Comienza así su decidido itinerario hacia la oblación
perpetua y la ordenación sacerdotal; pero los dolorosos eventos de la persecución
religiosa y de la guerra civil le bloquean inesperadamente el camino, que sólo podrá
reanudar una vez terminada la guerra. En 1941 hará su oblación de por vida y,
siempre en Pozuelo, en 1943 será ordenado sacerdote y estará listo para irse a
misiones. Recibe la primera “obediencia” para misionar en Argentina, que se convertirá en su segunda y muy querida patria. El Señor lo llama para la vida que no acaba el
27 de junio del 2000. Por fin se le brindará la oportunidad de
reencontrarse con sus antiguos compañeros de comunidad, los cuales, aunque
todavía no habían sido beatificados en
la tierra, ya lucían la aureola del martirio en el Cielo.

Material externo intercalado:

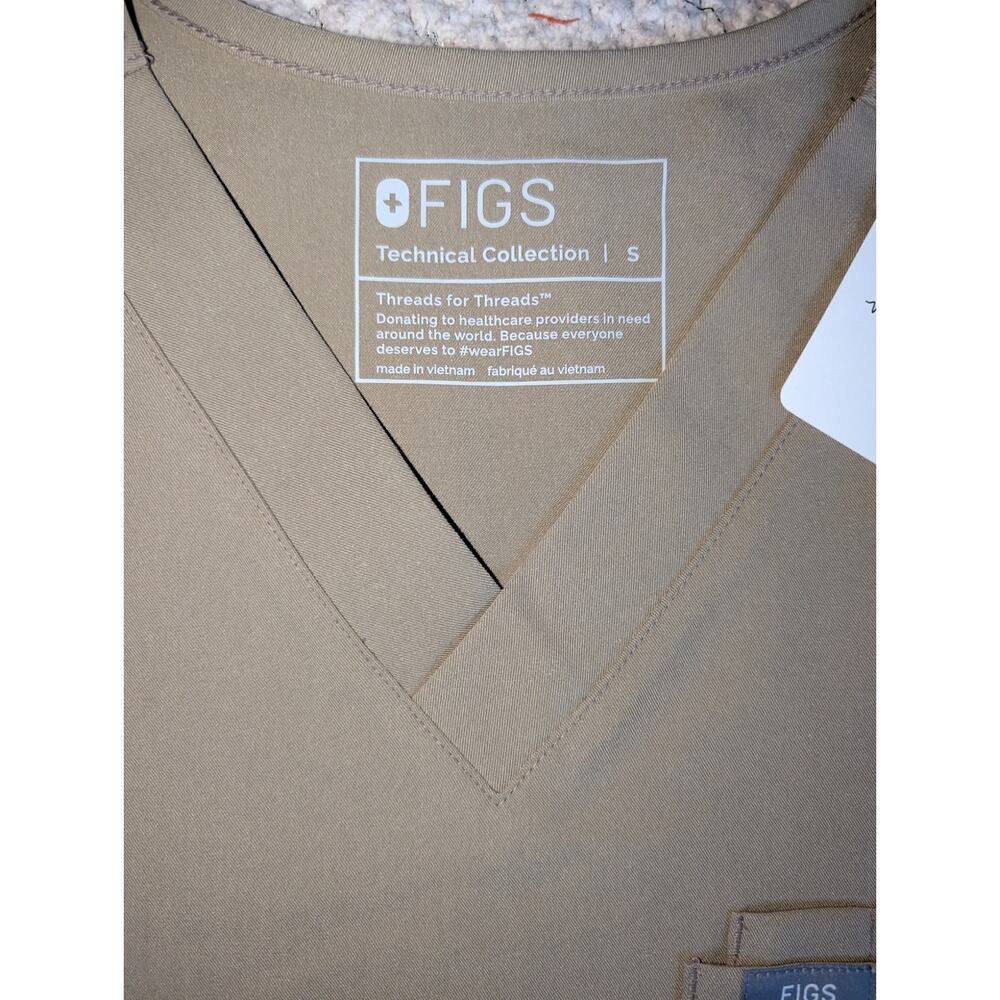 NWT FIGS Leon Three-Pocket Scrub Top Mens Small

El P. Felipe hombre amable y jovial, que quería a la
gente y se hacía querer, pudo, providencialmente, sobrevivir para ser “testigo de oficio” (es
decir, requerido por el Tribunal) y quizá el más valioso, en la Causa de
Canonización de sus compañeros, en la fase diocesana del proceso. Su testimonio
fue sin duda el más contundente, no sólo por ser testigo “de viso”, sino también porque
disipó ciertos interrogantes que podían impedir el proceso normal de la Causa.

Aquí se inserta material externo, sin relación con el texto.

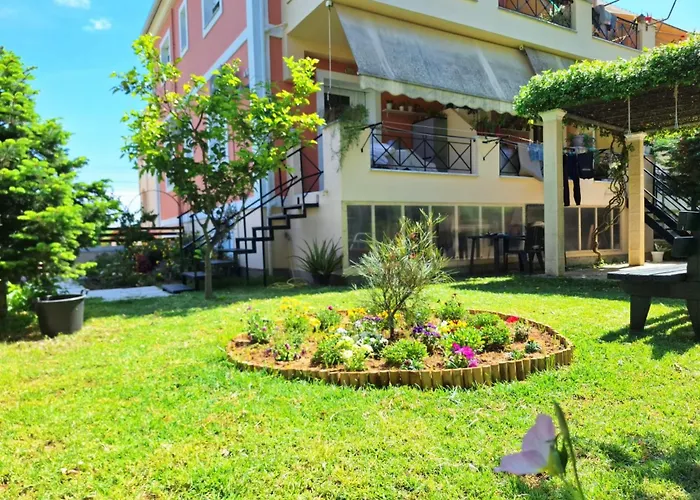 Апартаменты The Garden House Corfu *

Uno de esos obdtáculos era que al Juez del Tribunal diocesano no le parecían
insuficientes las razones que otros testigos habían dado sobre el porqué los
Formadores no habían puesto a salvo a esos jóvenes Oblatos, enviándolos a sus
respectivas familias. No bastaba el hecho de permanecer "unidos en la
comunidad", por muy plausible que fuera esta razón.

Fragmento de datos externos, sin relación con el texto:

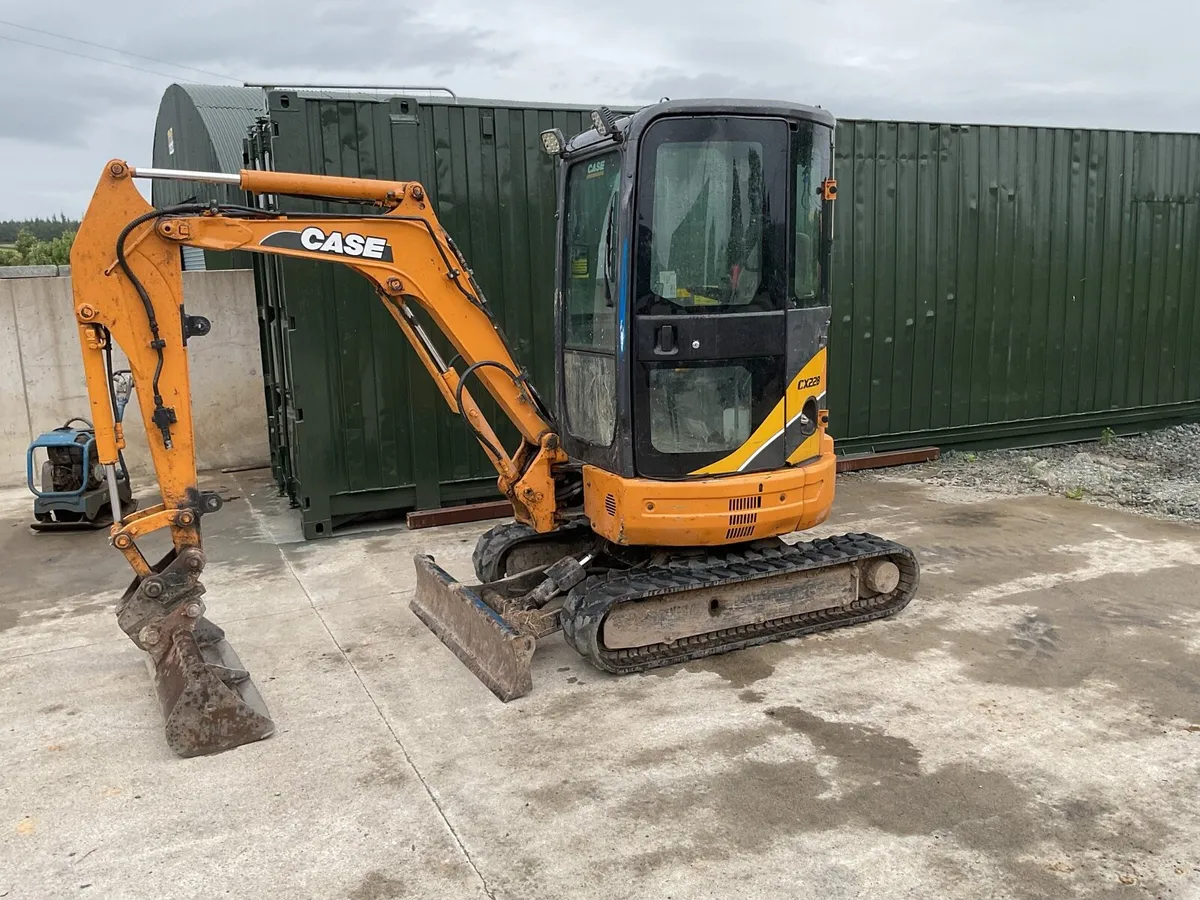 CASE CX228 2.4 tonne digger - Image 1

El P. Felipe daría otra clave más convincente: esperaban
al P. Superior, que estaba en Bilbao dando los ejercicios a los novicios, y
regresó a Madrid en el último tren que pudo entrar. A partir de ese día, la
Capital de España quedaba blindada y ya no había posibilidades de entrar o
salir.
Gracias, P. Felipe, y que puedas gozar para siempre y ya
sin sobresaltos en la gloria con tus hermanos Mártires, aunque te hayas quedado sin
la aureola de mártir y tengas que conformarte con la de “confesor”, como te dijo con chispa aquel Obispo amigo tuyo.